Information provided Start Marker
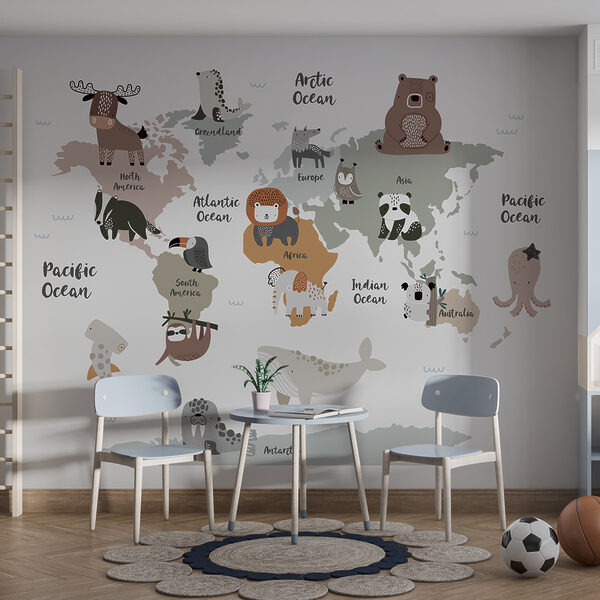 Um mapa de animais com texto Um mapa de animais com texto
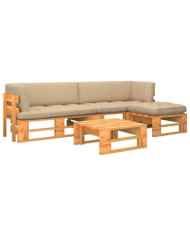 Salon de jardin palette 4 pcs Pin imprégné de marron miel | Mobilier & Déco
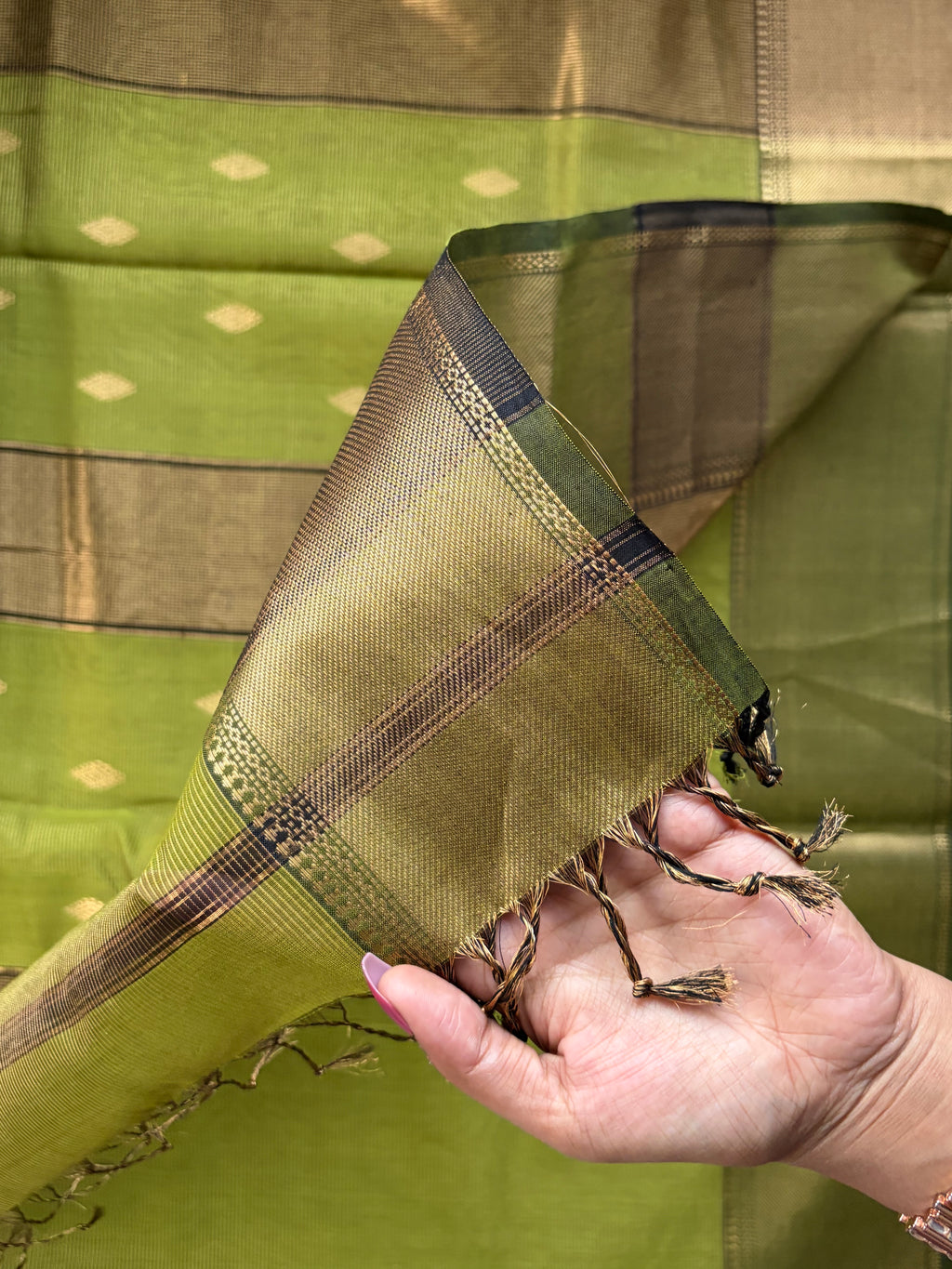 Emerald Green Tissue Silk Saree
Information provided End Marker
* Work task *
Apart from the pictures, repeat the data above exactly.

* Task solution *
 Um mapa de animais com texto Um mapa de animais com texto
 Salon de jardin palette 4 pcs Pin imprégné de marron miel | Mobilier & Déco
 Emerald Green Tissue Silk Saree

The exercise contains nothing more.